START Exercise materials
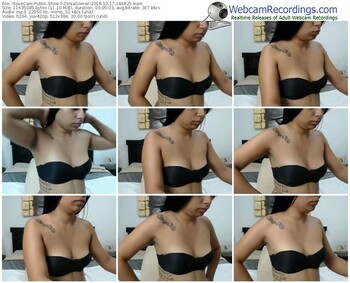 xlovecam-zoniagomez-webcam-show-10_17_2018-18_48_25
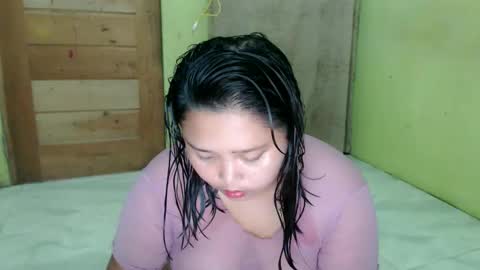 breliantes online show from December 2025 05:25:01 AM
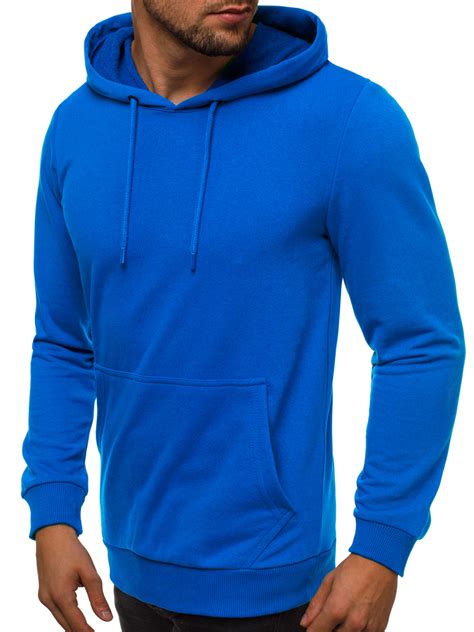 sudaderas para hombre.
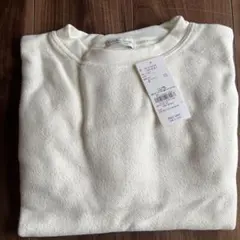 earth music & ecology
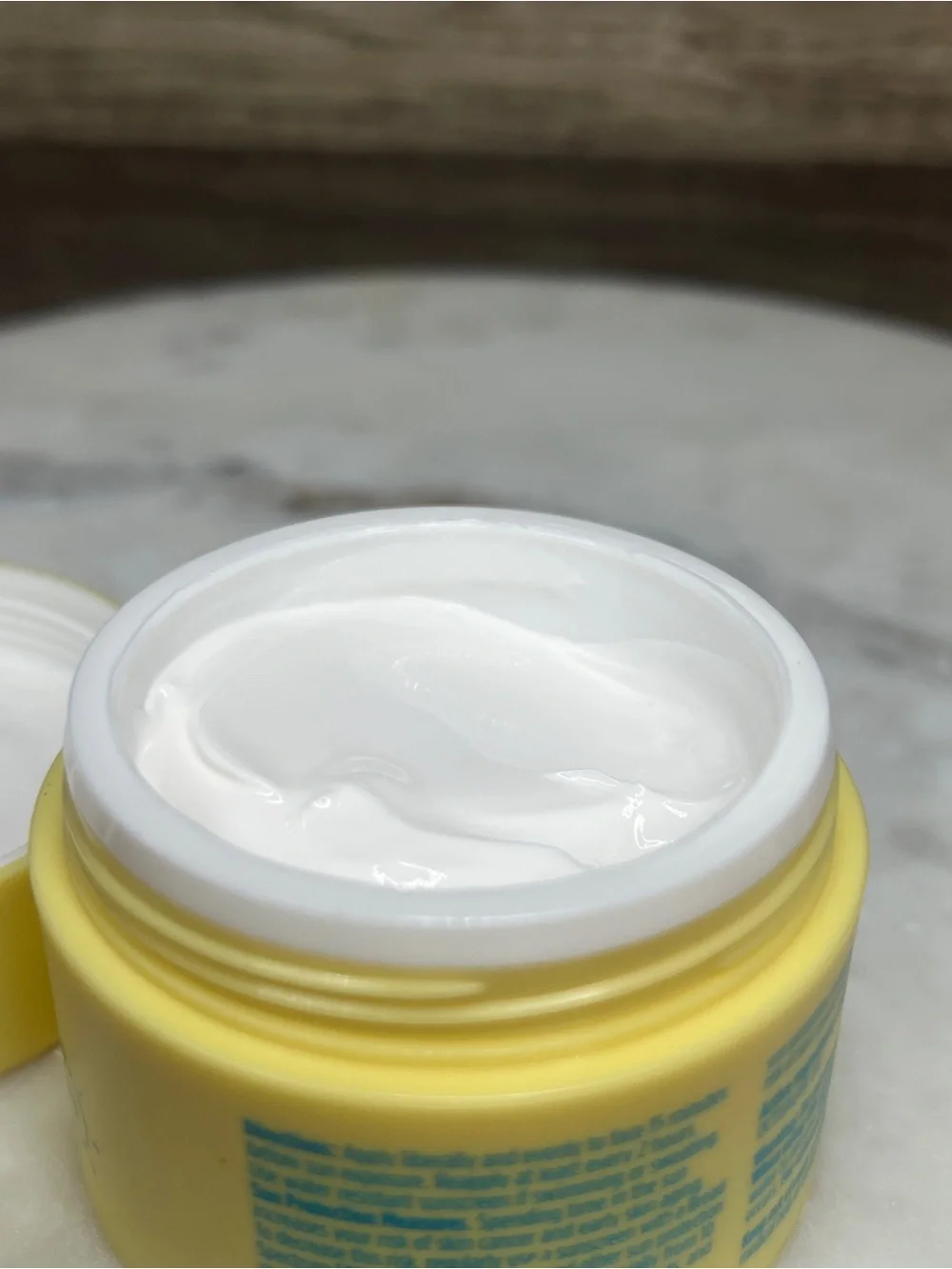 Tula 24 moisture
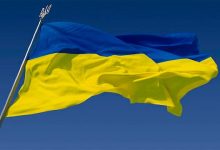 Photo of Limbile „moldovenească” și rusă, eliminate de pe lista limbilor protejate în Ucraina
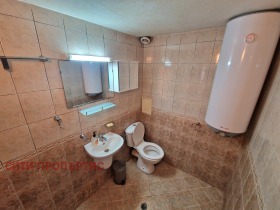 ������� 2-����� | Imot.bg � ����� ������ 6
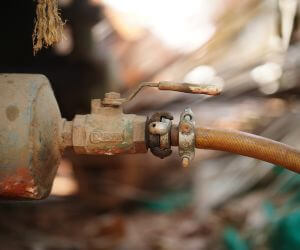 About The Faucet Pros New Vienna, IA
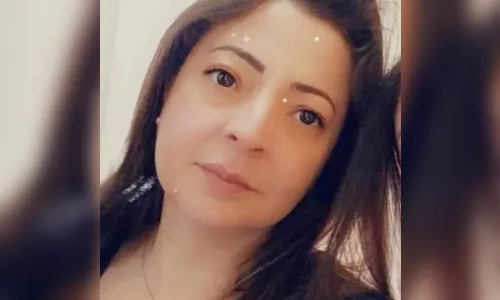 Mulher é presa suspeita de envolvimento em morte de advogada no PR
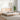 Bed Frame Without Mattress King Size Solid Wood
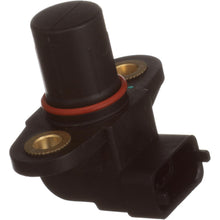 Load image into Gallery viewer, PC379 Standard Ignition Engine Camshaft Position Sensor Standard Ignition Canada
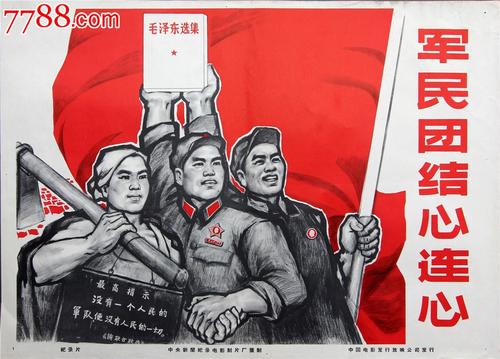 存款证明期限随便定吗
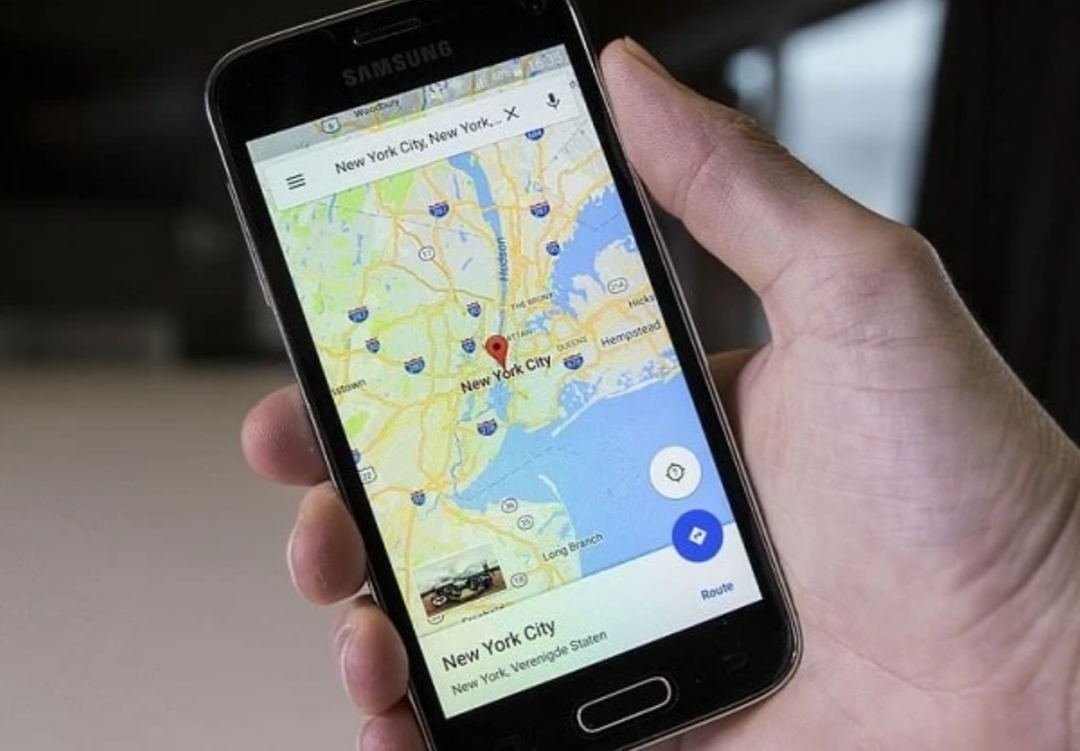 हराएको फोन कसरी फेला पार्ने ? फोनका डाटा कसरी मेट्ने ?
END Exercise materials
# Assignment
Before answering, find the line with "Photo of Limbile" in the records above; then reproduce exactly each line from the first through that line, leaving out pictures.

# Written reply
 xlovecam-zoniagomez-webcam-show-10_17_2018-18_48_25
 breliantes online show from December 2025 05:25:01 AM
 sudaderas para hombre.
 earth music & ecology
 Tula 24 moisture
 Photo of Limbile „moldovenească” și rusă, eliminate de pe lista limbilor protejate în Ucraina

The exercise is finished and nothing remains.